Entretien / Agnéro Akpa Ambroise, conservateur de Bibliothèque et cadre de Lopou : ‘‘Je ne peux pas dire que nous avons joué mystiquement le ballon pour gagner la Coupe d’Afrique en 1992 au Sénégal’’

Depuis le 22 décembre 2012, Agnéro Akpa Ambroise est devenu EB-EBU. Cette élévation au titre de patriarche lui confère un rôle de gouvernant dans la société traditionnelle Adjoukrou, peuple doté d’une culture démocratique. L’ancien directeur de la Bibliothèque nationale d’Abidjan parle de la démocratie en pays Adjoukrou.
Quelles sont les implications (droits et devoirs) d’un EB-EBU dans la société traditionnelle Adjoukrou ?
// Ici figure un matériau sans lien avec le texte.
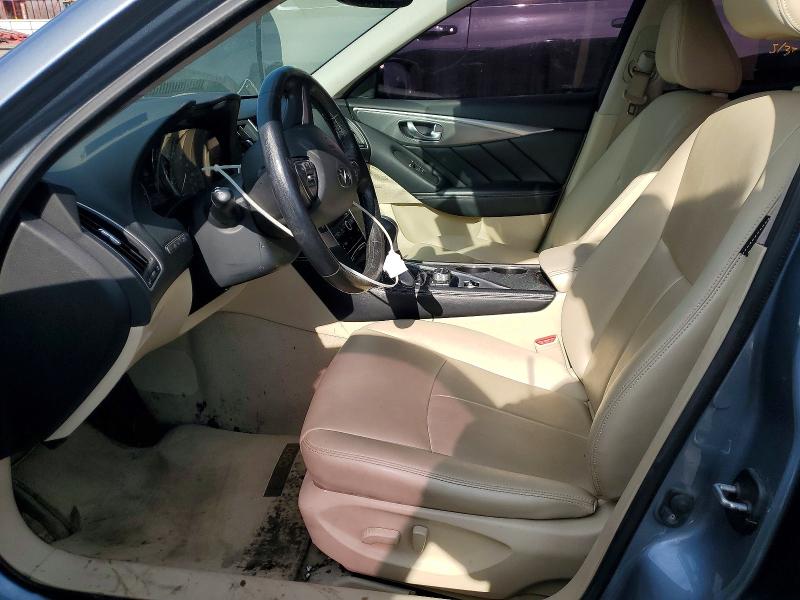 Aukcja sprzedaży 2015 Infiniti Q50, vin: JN1BV7AR1FM407944, numer aukcji: 75830475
Un EB-EBU est une personne qui a atteint un niveau de responsabilités. Il est l’un des derniers, sinon le dernier rempart de la société Adjoukrou. Il est censé avoir un minimum de sagesse pour pouvoir gouverner, prodiguer des conseils et édicter des lois. Puisqu’il assume des fonctions exécutives (détenteur du pouvoir) et législatives (pouvoir de légiférer). Les pouvoirs législatifs et exécutifs sont concentrés entre ses mains. Au niveau des devoirs, il doit rassembler son peuple. Il doit faire en sorte que l’union existe entre toutes les filles et tous les fils du village dont il assume la responsabilité.

Quel rôle joue donc la culture dans la société Adjoukrou?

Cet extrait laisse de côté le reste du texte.